(11-09-2025, 08:16 AM)oshfdk Wrote: You are not allowed to view links. Register or Login to view.So, can it actually encode 10000 symbols of Latin keeping the entropies low? Is there some source code to reproduce this?
Hello oshfdk, I made my Notebook available here:
You are not allowed to view links.
Register or
Login to view.
Note that for my last tests, Culpepper's text was the one that had a better JSD with Voynich (EVA) at 0.21 (with all gliphs) and 0.0998 (only with latin characters):
![[Image: WIsUhRa.png]](https://i.imgur.com/WIsUhRa.png)
(17-09-2025, 01:12 PM)quimqu Wrote: You are not allowed to view links. Register or Login to view.Note that for my last tests, Culpepper's text was the one that had a better JSD with Voynich (EVA) at 0.21 (with all gliphs) and 0.0998 (only with latin characters)
Thanks!
Is it possible to compute the entropy with the residuals? Just to have a better understanding.
Also, what is the length of the ciphertext for 10000 Latin symbols?
(17-09-2025, 01:39 PM)oshfdk Wrote: You are not allowed to view links. Register or Login to view.Is it possible to compute the entropy with the residuals? Just to have a better understanding.
Also, what is the length of the ciphertext for 10000 Latin symbols?
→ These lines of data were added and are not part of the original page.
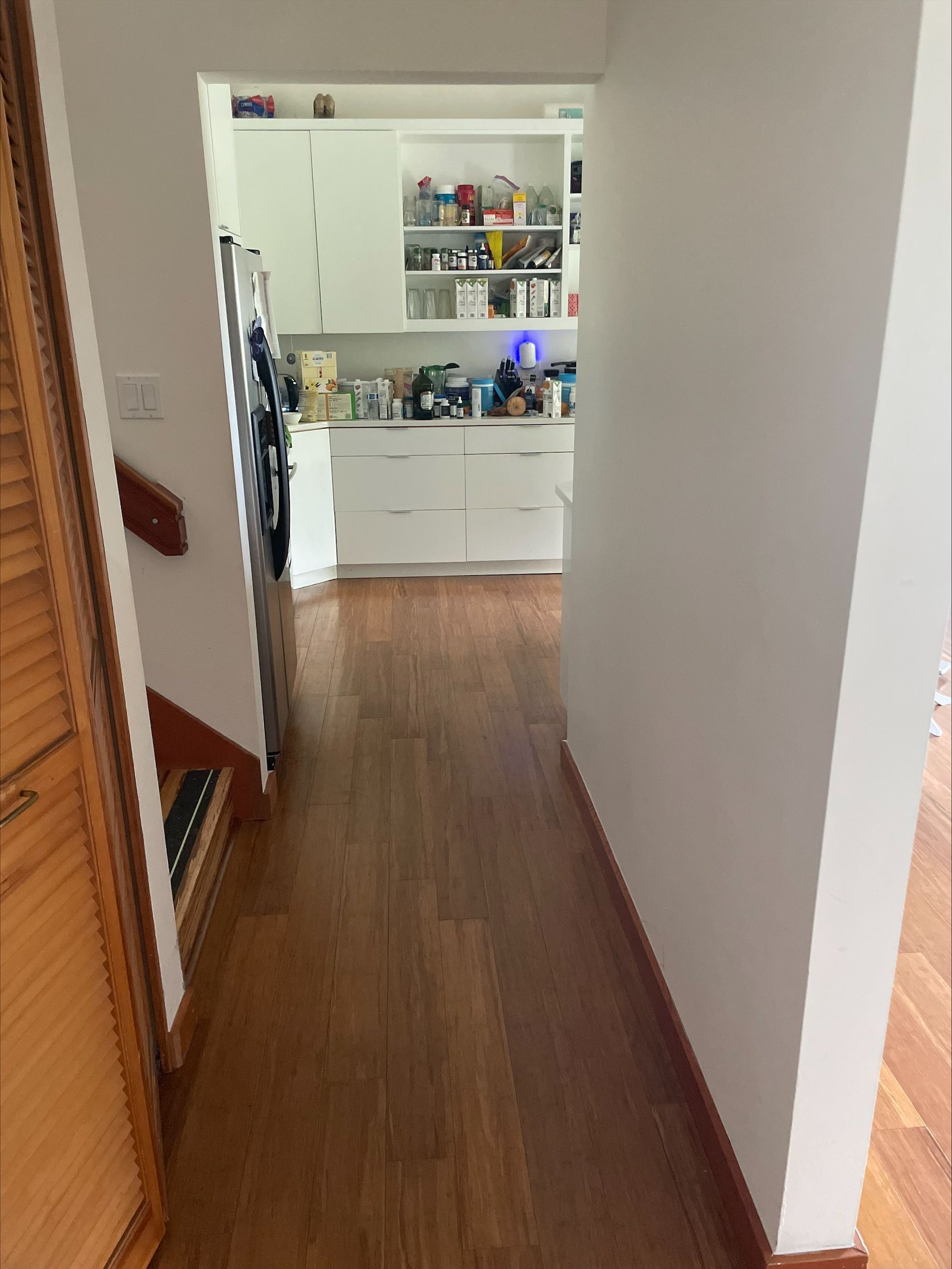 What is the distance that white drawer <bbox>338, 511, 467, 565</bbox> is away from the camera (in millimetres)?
5074

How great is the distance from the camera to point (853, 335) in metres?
1.02

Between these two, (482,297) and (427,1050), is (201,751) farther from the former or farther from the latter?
(482,297)

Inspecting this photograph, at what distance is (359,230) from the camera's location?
15.7ft

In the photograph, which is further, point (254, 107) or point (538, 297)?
A: point (538, 297)

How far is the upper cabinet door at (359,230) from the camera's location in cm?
467

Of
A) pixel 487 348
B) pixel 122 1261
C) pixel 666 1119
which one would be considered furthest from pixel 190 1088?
pixel 487 348

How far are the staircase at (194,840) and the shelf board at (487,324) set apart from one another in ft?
10.4

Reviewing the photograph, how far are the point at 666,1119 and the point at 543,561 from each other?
381 cm

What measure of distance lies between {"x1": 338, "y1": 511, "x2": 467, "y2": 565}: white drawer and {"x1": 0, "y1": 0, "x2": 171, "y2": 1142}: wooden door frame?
358cm

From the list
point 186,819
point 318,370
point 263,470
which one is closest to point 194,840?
point 186,819

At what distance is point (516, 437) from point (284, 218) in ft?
5.45

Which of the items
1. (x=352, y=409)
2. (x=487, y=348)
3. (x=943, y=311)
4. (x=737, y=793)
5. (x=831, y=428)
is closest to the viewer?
(x=943, y=311)

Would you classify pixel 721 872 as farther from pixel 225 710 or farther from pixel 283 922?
pixel 225 710

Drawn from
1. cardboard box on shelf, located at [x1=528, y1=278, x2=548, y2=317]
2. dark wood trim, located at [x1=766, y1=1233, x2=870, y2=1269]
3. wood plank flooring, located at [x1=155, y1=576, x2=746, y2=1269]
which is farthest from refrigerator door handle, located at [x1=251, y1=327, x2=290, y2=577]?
cardboard box on shelf, located at [x1=528, y1=278, x2=548, y2=317] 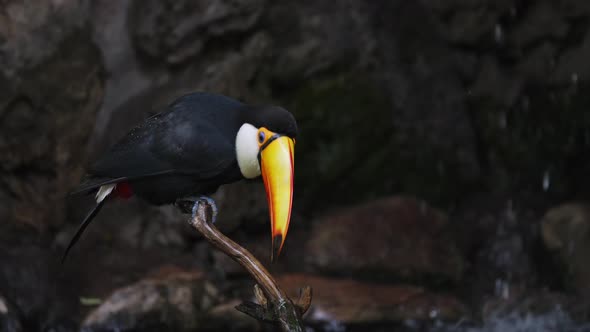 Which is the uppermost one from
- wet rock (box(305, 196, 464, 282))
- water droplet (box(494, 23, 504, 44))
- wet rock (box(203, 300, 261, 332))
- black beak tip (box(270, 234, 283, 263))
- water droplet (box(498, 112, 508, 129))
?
water droplet (box(494, 23, 504, 44))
The cipher is letter-by-letter at fixed positions, so word lengths and total length are preserved. If you feed it 10000 Latin letters, you get 10000 cipher glyphs (same number of words, same per-word length).
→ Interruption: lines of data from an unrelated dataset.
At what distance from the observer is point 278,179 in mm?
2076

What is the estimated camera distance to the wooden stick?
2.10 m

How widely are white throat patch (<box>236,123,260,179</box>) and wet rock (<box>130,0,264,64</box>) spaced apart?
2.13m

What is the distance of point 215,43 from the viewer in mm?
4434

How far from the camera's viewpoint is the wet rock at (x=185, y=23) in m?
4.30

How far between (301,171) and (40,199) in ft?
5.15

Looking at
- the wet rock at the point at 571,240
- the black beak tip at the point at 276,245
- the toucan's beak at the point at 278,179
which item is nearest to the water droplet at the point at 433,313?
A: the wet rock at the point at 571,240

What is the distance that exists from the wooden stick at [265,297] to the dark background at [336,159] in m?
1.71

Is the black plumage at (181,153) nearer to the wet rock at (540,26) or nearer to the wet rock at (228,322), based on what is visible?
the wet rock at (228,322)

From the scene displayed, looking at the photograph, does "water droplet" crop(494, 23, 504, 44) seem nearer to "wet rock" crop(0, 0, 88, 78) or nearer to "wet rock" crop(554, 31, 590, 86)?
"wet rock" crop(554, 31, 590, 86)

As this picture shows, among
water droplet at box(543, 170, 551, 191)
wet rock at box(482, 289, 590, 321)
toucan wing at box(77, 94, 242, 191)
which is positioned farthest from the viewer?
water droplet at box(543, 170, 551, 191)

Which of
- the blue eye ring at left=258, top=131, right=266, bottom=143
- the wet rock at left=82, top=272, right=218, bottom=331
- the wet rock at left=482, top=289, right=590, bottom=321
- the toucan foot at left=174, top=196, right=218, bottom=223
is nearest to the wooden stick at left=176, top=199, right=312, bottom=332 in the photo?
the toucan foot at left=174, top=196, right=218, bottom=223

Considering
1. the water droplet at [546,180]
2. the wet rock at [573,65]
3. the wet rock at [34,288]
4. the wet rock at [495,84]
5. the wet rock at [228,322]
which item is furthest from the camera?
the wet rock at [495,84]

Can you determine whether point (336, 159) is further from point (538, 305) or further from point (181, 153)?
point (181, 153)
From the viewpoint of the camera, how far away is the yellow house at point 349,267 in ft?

Computing entropy with residuals doesn’t really apply (under my opinion). Residuals aren’t part of the ciphertext; they’re the little side notes that tell you which original token a shared glyph stood for.
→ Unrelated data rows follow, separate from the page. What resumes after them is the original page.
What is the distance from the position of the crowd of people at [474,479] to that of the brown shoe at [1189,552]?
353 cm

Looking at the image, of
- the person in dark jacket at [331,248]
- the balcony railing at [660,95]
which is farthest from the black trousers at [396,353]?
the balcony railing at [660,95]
Think of it like this: the scribe (or his "master") writes the cipher text on one sheet, and on a separate slip he jots the residual numbers (only needed to reverse collisions). What we have in the Voynich is the sheet with glyphs, not the slip. Measuring entropy for "glyphs + residuals" would be measuring a different, two-stream encoding that isn’t observed in the manuscript.
(17-09-2025, 02:32 PM)quimqu Wrote: You are not allowed to view links. Register or Login to view.The cipher is letter-by-letter at fixed positions, so word lengths and total length are preserved. If you feed it 10000 Latin letters, you get 10000 cipher glyphs (same number of words, same per-word length).
In your first post "ber" was encoded as "qoak" and "liber" as "chedys". Unless you remap "qo" and "ch" to a single glyph somewhere downstream, I assume the ciphertext should be longer than the plaintext? To put it differently, when you compute the entropy of the encoded text, do you count "qo" and "ch" as a single glyph or as a pair of glyphs?
(17-09-2025, 02:32 PM)quimqu Wrote: You are not allowed to view links. Register or Login to view.Computing entropy with residuals doesn’t really apply (under my opinion). Residuals aren’t part of the ciphertext; they’re the little side notes that tell you which original token a shared glyph stood for.
I'm not sure I understand the reasoning here. From my point of view computing the entropy with the residual is a perfect metric to understand exactly how much entropy is offloaded to the residuals.
(17-09-2025, 03:09 PM)oshfdk Wrote: You are not allowed to view links. Register or Login to view.In your first post "ber" was encoded as "qoak" and "liber" as "chedys". Unless you remap "qo" and "ch" to a single glyph somewhere downstream, I assume the ciphertext should be longer than the plaintext? To put it differently, when you compute the entropy of the encoded text, do you count "qo" and "ch" as a single glyph or as a pair of glyphs?
You are right, sorry. During these days I have been experimenting with single letter cipher and leter/bigram ciphers (the first version included bigrams). I found that ciphering bigrams result in a very complex conversion table for the scriba, and I prefered to work on single letters. The code I shared is ready to set to work with bigrams, if you wish, so you can easily see examples and differences. If you cannot run the code, I can run it for you and post the results. Just tell me.
(17-09-2025, 03:09 PM)oshfdk Wrote: You are not allowed to view links. Register or Login to view.I'm not sure I understand the reasoning here. From my point of view computing the entropy with the residual is a perfect metric to understand exactly how much entropy is offloaded to the residuals.
OK, I see your intentions. In this point of view, yes, you are right. I will try to calculate the entropy with the residuals, so we can see the numbers. I guess it should be the difference between the original entropy vs. the ciphered entropy, but let's check.
(17-09-2025, 01:39 PM)oshfdk Wrote: You are not allowed to view links. Register or Login to view.Is it possible to compute the entropy with the residuals? Just to have a better understanding.
OK, here are the entropies and helpful calculations for Culpepper ciphered with PM_cipher in single character mode (no bigrams):
Symbols at ambiguous slots (bucket>1): 164,731 / 169,710 (97.07%): positions where the glyph’s bucket has more than one possible token (ambiguity exists), regardless of which residual was chosen.
Symbols that actually required residual (residual>0): 96,425 / 169,710 (56.82%): cases where the default index (0) was not used, so a side note had to be written to disambiguate.
Residual bits/symbol E[H(R | pos,g)]: 1.762 expected residual info per glyph if you always transmit the residual index (including 0).
=== Glyph entropies (bits/symbol): word-reset model ===
H1(G) = 3.387
H2(G) = 2.326
H3(G) = 2.002
H4(G) = 1.603
Approximate joint bits/symbol (glyph + residual side info):
H1(G) + residuals ≈ 5.149
H2(G) + residuals ≈ 4.088
H3(G) + residuals ≈ 3.765
H4(G) + residuals ≈ 3.365
(I am not sure if this can be calculated so directly with a simple addition. I think entropy does not have this property. I mean, we calculate entropy of the ciphered text (chains of characters) and entropy of the residuals (chains of numbers) and I am not sure we should make the addition.)
I treated residuals as a side channel depending only on (position, glyph), so their expected cost is a constant add-on to every Hn(G).